Les musiciens du Titanic
Il est dit que lorsque coula le Titanic, les musiciens continuèrent à jouer jusqu’à l’instant d’être engloutis. Cette attitude face à la mort m’a toujours étonnée et continue de m’interroger. J’y pense souvent.
De la cabine de pilotage des décisions fusent, parfois justes, le plus souvent incohérentes et inadaptées. Trop tard ! Le mal est fait ! C’est avant l’impact qu’une décision aurait dû être prise. Il est impossible de revenir en arrière. Le capitaine comprend qu’aucun ordre ne pourra plus désormais changer le cours des évènements. L’issue est inexorable.
L’équipage, mis au courant, se démène nerveusement. Son agitation tente en vain de masquer son impuissance face aux dégâts causés par l’iceberg. Dans ce climat angoissant, les passagers que l’on tente de rassurer et de canaliser pressentent l’effroyable sans pour autant pouvoir le nommer. L’orchestre -ils sont huit jeunes hommes de 20 à 33 ans- joue. Cet impensable chaos naissant se passe en musique.
Rapidement, les matelots organisent le sauvetage. Ils sont, pour beaucoup, héroïques. C’est l’heure en laquelle passent, avant les hommes, « les femmes et les enfants ». Les canots de sauvetages se remplissent, puis, mis à l’eau, s’éloignent du navire. L’orchestre joue. C’est l’heure où la vie s’inquiète pour elle même. C’est l’heure où l’apparat s’enfuit, l’heure en laquelle la vertu s’éprouve. C’est l’heure où chacun estime secrètement les places qu’il reste dans les canots. Il n’y en aura pas pour tout le monde. C’est l’heure où l’on devient d’un coup, tout bon ou tout mauvais. Les uns comptes, les autre se résignent, certains s’affolent. L’orchestre joue. Un oeil sur la partition, peut être que certains d’entre eux pensent aux visages aimés, amèrement ils songent au temps perdu, avec inquiétude à la vie de ceux qui vont rester. Quoi qu’il en soit des sentiments qui les traversent, ils continuent de jouer et de jouer ensemble. Des regards fusent de l’un à l’autre, ils s’interrogent du coin de l’oeil. Ils sont liés par un destin commun. Pas un ne pose l’instrument qui le fait vivre.

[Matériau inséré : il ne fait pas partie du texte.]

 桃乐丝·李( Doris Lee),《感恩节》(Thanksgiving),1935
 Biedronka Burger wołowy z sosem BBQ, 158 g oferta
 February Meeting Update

Viennent les dernières minutes. Tout ce qui peut être sauvé doit être sauvé. L’heure de l’Espérance sonne lorsque tout espoir est vain. Tandis que le bateau continu de couler l’orchestre se déplace sur le pont, à l’avant, il continue de jouer. Les musiciens jouent maintenant pour un public qui se sait perdu. Ils jouent sachant qu’en un instant maintenant proche tout finira d’être englouti. Mais pourquoi donc ? N’est-ce pas vain ? Pourquoi donc continuer lors même que tout est fini ou presque ? Pourquoi quelques moribonds assistent, au seuil de leur mort, à ce concert dérisoire ?

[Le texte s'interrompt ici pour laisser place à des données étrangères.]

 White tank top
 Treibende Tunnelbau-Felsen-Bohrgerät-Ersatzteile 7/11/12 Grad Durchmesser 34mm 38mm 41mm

À quoi cela sert-il ? À quoi cela a t-il servi ? N’aurait il pas mieux valu qu’ils aident les personnes âgées à monter dans les canots de sauvetage ? Des bras supplémentaires auraient sûrement été utiles pour tenter de réduire la voie d’eau, pour aider les mamans à calmer les enfants, pour assurer le service d’ordre auprès des hommes les moins vertueux. L’un ou l’autre de ces artistes auraient peut-être même pu sauver sa peau, retrouver celles et ceux qui vont maintenant le pleurer. Nul doute que certaines de ces pensées leur ont traversé l’esprit. Mais rien n’y a fait ! Rien, sinon quelques accords de jazz, quelques valses, quelques cantiques… Dans l’urgence, à l’heure où chaque seconde compte pour sauver des vies, voilà bien un gaspillage terrible, (peut-être même criminel), au mieux, une belle brassée de notes inutiles.
Il est possible de prêter aux différents personnages, diverses réactions Il existe une multitude d’attitudes qui nous font aller « jusqu’au bout »…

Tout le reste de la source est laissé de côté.